Published
as an open letter to the Councilperson in the Philadelphia Daily News
Wissahickon Playground: It's not too late to save it
Posted: March 01, 2012
WHAT WOULD
happen if the city one day announced that it had decided to eliminate Mount Airy Playground and bring a developer in to build
houses there? What would be the likely result if, without consulting any of the neighbors, they decided to demolish the Watertower
Playground, in Chestnut Hill, and have a residential development built there? Can you imagine how those neighbors would react?

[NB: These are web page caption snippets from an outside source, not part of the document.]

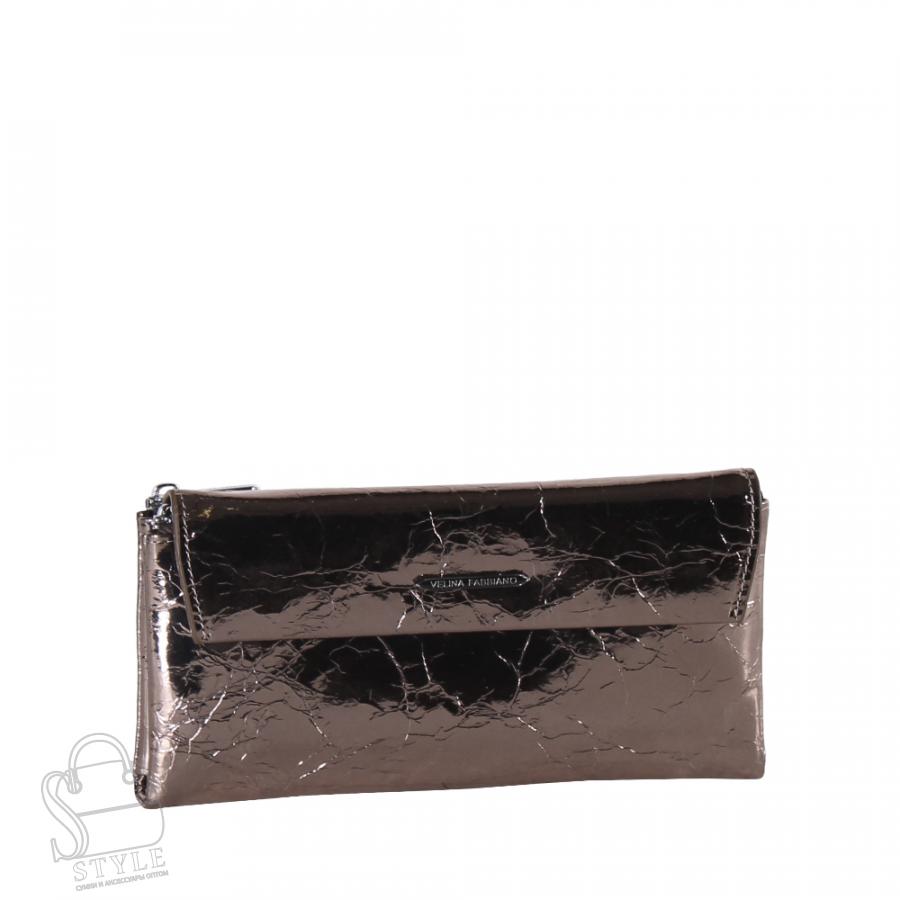Кошелек 7004-4 bronze Velina Fabbiano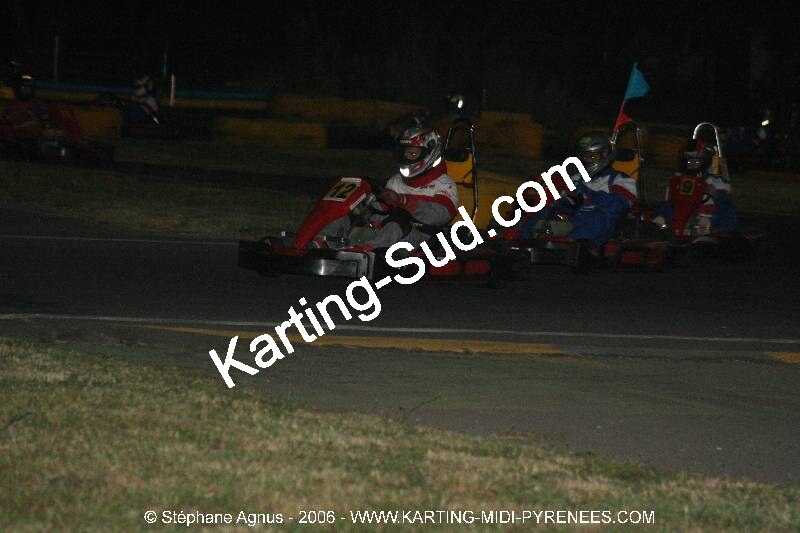 24/06/2006 : 6 heures Loisir Number 1 à Agde (Photos Stéphane Agnus) 2006 — karting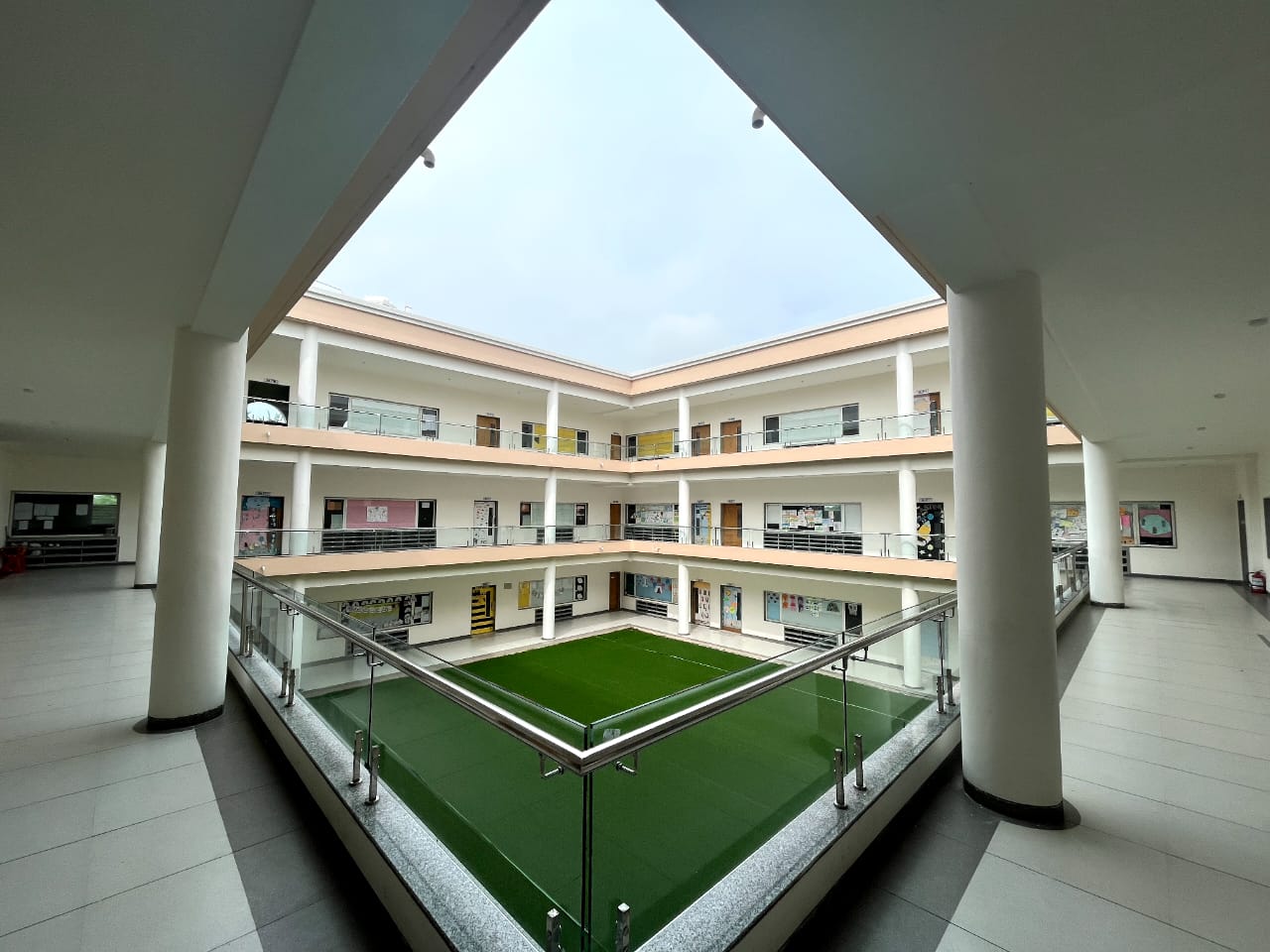 MSB Educational Institute, Godhra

The city would not get through the second sentence of such an announcement before the community had killed the project.
But exactly
that is happening to us in Germantown. We are talking about the existing plan to eliminate the Wissahickon Playground - which
has existed in one form or another for 100 years and which is used daily by children and parents in our community - and to
build houses on the site. This plan was created by our former city councilwoman, Donna Reed Miller, behind closed doors.
The Recreation
Department, which owned the playground with the legal responsibility to preserve it intact for the use of our children, was
forced by Councilwoman Miller to sell the playground to the Housing Authority for one dollar so that it would no longer be
legally defined as a playground and, therefore, she could proceed with her plan to have the city hire a contractor to build
55 houses on it.
We call upon
our newly elected councilwoman, Cindy Bass, to correct this terrible plan and to restore the Wissahickon Playground to the
Recreation Department.
People who
are defending this plan say that the houses, which will be needed for low-income tenants once the Queen Lane high-rise is
demolished, must be built on the playground because there is no other space available, but that is not true. Anyone who knows
the area knows that there are many vacant lots, most of them already city property, that can and should be built on. It is
a perfect environment for what is called scattered-site housing.
Scattered-site
housing development repairs the damage done to blocks by vacancy and abandonment while providing homes that are an integrated
part of an existing community rather than segregated in a low-income block set apart from the neighborhood. Building on the
vacant lots heals the blight while allowing the residents to keep an essential community center, which is the playground.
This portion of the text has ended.